3.4.2.1. Cell class¶
Now, we should have everything we need for a Cell class. It should have the following functionality:
- On construction, it should store the numbers from 1 to 9.
- It should be possible to set it, i.e. remove all values except one (which is given as a parameter).
- It should be possible to check whether a cell is valid, i.e. whether it has at least one value still available.
- It should be possible to eliminate a value, i.e. remove a value if it exists. For convenience, let’s have the function “eliminate” return false if the last number in the cell was eliminated and true otherwise.
- It should be possible to ask whether it contains only one number, or multiple.

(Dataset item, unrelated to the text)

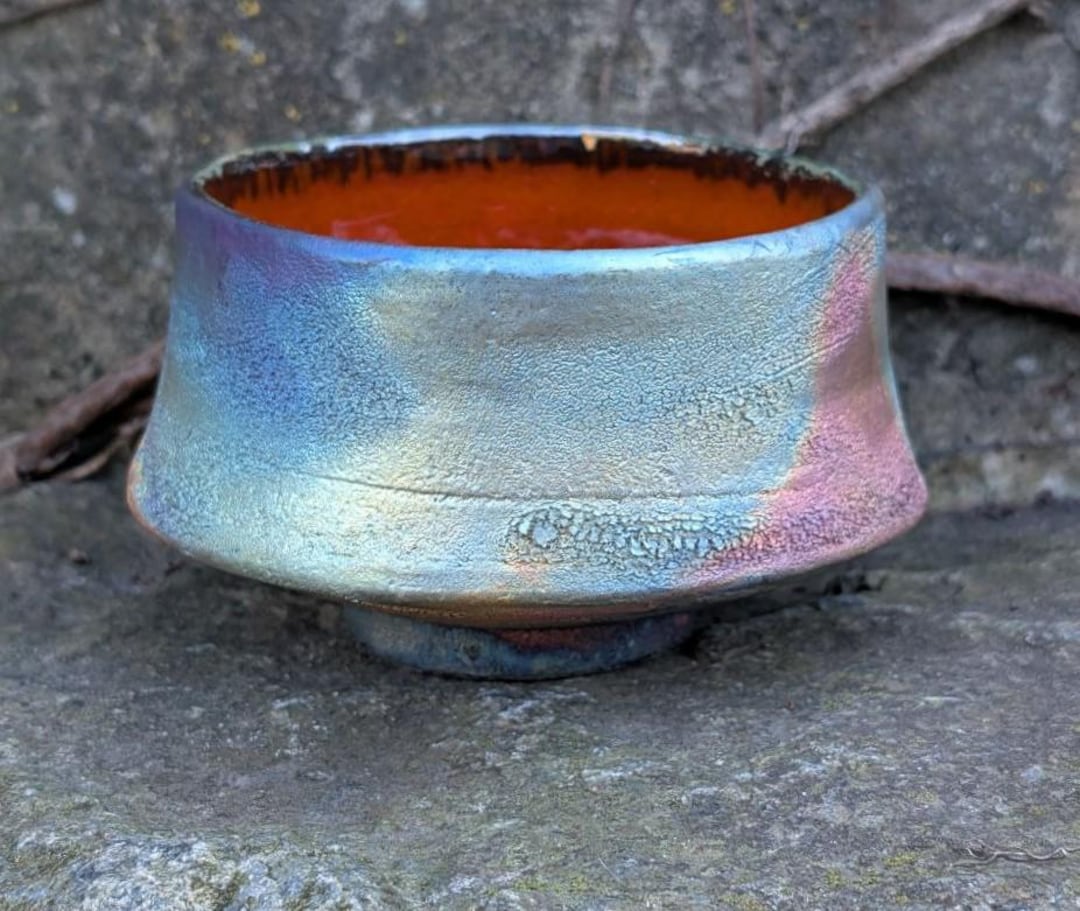 Japan Raku Traditional Japanese Tea Ceremony Bowl, RAKU Matcha Chawan, RAKU Matcha ...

- It should be possible to retrieve the current values.
More specifically, it should correctly implement an interface as used by this program:
#include <iostream>
/* Cell class declaration and definition goes here */
int main()
{
Cell c1;
std::cout << c1.count() << "\n"; // outputs "9"
bool ret = c1.eliminate(7);
std::cout << c1.count() << "\n"; // outputs "8"
std::cout << ret << "\n"; // outputs "1" (true)
c1.set(3);
std::cout << c1.count() << "\n"; // outputs "1"
std::cout << c1.valid() << "\n"; // outputs "1" (true)
std::cout << c1.has_one() << "\n"; // outputs "1" (true)
auto values = c1.get_values();
for(const auto& v : values) {
std::cout << v << "\n"; // outputs "3"
}
return 0;
}
Here, the return type of the member function get_values() is implementation specific, i.e. it could be e.g. either vector<int> or set<int>. The usage of the variable “values” would stay the same in either case.
Bounds checking
Similar to assertion, and relevant in C++, is bounds checking. Normally, when you access an element in an array (with e.g. “a[3]”), there’s nothing stopping you from trying to access an element beyond the size of the array, leading to undefined behaviour. At a small (typically negligible these days) runtime cost you can, for the classes std::vector and std::array, have the bounds checked at each access by using e.g. “a.at(3)” instead. Now code will be called that will check whether the element is within the bounds and throw an exception if not, hopefully saving lots of debugging time in the future.
Exercise: Implement the Cell class. You can use any data structure you like although either vector or set should be the easiest ones. Test it with the test code above.
We may need some more member functions for our Cell class later, but we can implement these as we go along.